=== TASK GOAL ===
Look in the material below for the line with "Image of green lizard" and the line with "A List Of Major", then set down exactly those two lines and all lines between, nothing more.

=== EXCERPTED RECORDS ===
**********

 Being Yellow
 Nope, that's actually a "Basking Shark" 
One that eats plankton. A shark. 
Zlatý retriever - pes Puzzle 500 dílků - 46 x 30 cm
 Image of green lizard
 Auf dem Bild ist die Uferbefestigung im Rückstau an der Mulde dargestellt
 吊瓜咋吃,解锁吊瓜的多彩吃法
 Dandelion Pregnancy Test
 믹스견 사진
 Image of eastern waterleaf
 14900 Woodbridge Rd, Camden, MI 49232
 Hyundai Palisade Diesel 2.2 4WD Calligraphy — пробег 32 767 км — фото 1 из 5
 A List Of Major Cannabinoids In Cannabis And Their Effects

**********

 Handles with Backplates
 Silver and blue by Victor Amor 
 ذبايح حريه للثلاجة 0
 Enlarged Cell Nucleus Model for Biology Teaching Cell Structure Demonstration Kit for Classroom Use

**********

=== EXERCISE RESULT ===
 Image of green lizard
 Auf dem Bild ist die Uferbefestigung im Rückstau an der Mulde dargestellt
 吊瓜咋吃,解锁吊瓜的多彩吃法
 Dandelion Pregnancy Test
 믹스견 사진
 Image of eastern waterleaf
 14900 Woodbridge Rd, Camden, MI 49232
 Hyundai Palisade Diesel 2.2 4WD Calligraphy — пробег 32 767 км — фото 1 из 5
 A List Of Major Cannabinoids In Cannabis And Their Effects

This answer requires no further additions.